長方形に切り出したような黒い石のプレートに載せられてやってきたのは、鮪のマリネ。その下に敷いているのは、saddle of veal。 子牛の鞍のあたりの部位の肉のことだそう。 日頃食べ慣れた鮪の赤身は、こちらではちょっとキッチュな食材なのかもなぁと思ったり。 酢漬けした赤キャベツと一緒にトッピングされているのは、ビーツの甘いチップスだ。
「esszimmer.」のメニューの特徴は、お皿それぞれに対してオススメのグラスを用意してくれること。 そんな鮪のマリネと子牛とのプレートには、 「Weissburgunder Klassik 2009,Gross,Südsteiemark」。垂らしたオリーブオイルに岩塩の欠片を載せて齧るバゲットと交互に愉しみます。

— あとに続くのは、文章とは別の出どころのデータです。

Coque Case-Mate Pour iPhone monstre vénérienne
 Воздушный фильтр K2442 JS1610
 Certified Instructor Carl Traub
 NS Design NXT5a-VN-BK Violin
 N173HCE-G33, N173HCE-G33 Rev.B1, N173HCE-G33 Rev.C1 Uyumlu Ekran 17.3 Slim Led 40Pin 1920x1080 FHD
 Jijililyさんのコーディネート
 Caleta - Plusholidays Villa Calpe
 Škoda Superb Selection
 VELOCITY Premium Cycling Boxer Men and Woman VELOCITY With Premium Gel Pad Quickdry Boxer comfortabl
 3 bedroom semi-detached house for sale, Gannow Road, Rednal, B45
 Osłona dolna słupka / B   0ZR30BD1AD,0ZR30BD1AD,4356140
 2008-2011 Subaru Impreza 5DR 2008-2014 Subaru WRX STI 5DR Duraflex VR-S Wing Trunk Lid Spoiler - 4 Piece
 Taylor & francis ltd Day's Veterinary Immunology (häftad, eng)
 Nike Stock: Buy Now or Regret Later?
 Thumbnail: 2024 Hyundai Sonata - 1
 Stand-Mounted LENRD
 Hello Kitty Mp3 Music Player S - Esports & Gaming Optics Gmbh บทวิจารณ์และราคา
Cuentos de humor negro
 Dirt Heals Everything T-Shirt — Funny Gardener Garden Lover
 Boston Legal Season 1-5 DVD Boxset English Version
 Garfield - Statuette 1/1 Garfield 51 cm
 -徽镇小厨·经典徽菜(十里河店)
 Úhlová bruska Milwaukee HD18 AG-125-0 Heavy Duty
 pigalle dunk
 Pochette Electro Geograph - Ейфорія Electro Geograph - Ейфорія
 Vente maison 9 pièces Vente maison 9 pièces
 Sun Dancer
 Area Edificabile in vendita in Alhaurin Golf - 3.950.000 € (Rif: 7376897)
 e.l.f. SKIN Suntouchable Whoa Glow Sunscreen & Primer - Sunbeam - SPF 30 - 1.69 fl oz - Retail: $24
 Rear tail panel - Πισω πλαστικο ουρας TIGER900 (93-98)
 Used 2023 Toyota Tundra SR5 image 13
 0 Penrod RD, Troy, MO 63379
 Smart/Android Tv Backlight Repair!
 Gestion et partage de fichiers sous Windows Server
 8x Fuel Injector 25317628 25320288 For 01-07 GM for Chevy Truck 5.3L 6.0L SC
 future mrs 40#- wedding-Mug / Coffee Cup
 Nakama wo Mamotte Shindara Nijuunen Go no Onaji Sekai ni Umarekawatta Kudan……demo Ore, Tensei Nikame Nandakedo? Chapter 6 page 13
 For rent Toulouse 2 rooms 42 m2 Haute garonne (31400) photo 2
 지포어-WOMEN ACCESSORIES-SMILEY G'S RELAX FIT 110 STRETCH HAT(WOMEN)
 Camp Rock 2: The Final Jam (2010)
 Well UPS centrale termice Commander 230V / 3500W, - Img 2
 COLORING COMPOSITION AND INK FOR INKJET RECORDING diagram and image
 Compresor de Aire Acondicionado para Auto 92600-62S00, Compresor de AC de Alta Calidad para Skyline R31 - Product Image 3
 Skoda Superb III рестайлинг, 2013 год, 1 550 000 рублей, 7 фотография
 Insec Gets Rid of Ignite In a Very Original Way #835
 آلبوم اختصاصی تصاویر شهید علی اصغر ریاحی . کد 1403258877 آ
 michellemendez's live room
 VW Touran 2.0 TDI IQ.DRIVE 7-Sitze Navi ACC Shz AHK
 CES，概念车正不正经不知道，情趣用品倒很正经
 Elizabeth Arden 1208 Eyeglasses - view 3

微かに翠色がかった泡ソースに包まれてやってきたのは、柔らかな魚の白身。 大鮃(オヒョウHalibut)というカレイの仲間だそう。紅い彩りを添えてくれているのは、ビーツの根っこ。 そして、エスプーマちっくなソースを仄かな緑色にしているのが、Wasabi。 ホースラディッシュなどでなく、山葵であることが嬉しくもなんだかちょっとこそばゆい。
これなんだろね?と思うムースというかパテというかは、グリューワインの入ったマグロの。これが、おりょりょと思うほど旨くてびっくり。 買って帰りたい感じ(笑)。
続くお皿は、子牛の膵臓sweetbread。こちらも主題であるかのように表情を魅せているのが、薄切りした林檎で挟んだ菊芋(エルサレムアーティチョーク)のムースだ。
メインのメニューにふたたび目にしたのが、”Saddle”の文字。子牛の鞍のあたりの部位のお肉の柔らかグリルがロール状にして中央に。 癖のない真っ直ぐな旨味が溢れ出るように口腔に広がって。 それと並んでロール状なのが、オーストリアの代表的なスイーツのひとつ、シュトルーデルstrudelをモチーフにした料理。 くるくるしてサクカリの衣とそれで包んだソテーとの相性やよし。 お供は、「Roter Veltliner -alte reben 2008」の赤だ。
デザートをあれこれ盛り込んでくれたお皿には、 ちょっとビターなものやキャラメル風味のものなどなど。 仕上げに一杯いかがですかと、透明ボトルにキルシュguglhof wildkirsch。 舐めるようにいただいても、利いてしまうのですね(笑)。
新しい工夫への気概と気鋭を想うレストラン、「esszimmer.(エスツィンマー)」。 “ess(essen)”=”食べる”+”zimmer”=”部屋”で、”esszimmer”。 シェフのアンドレアスが用意するメニューの、例えば「MENU GREEN」にはこだわり野菜の5皿があったりする。 きっと季節を変えては訪れる常連さんも多いことでしょう。 音楽祭の時季には予約も難しくなるようです。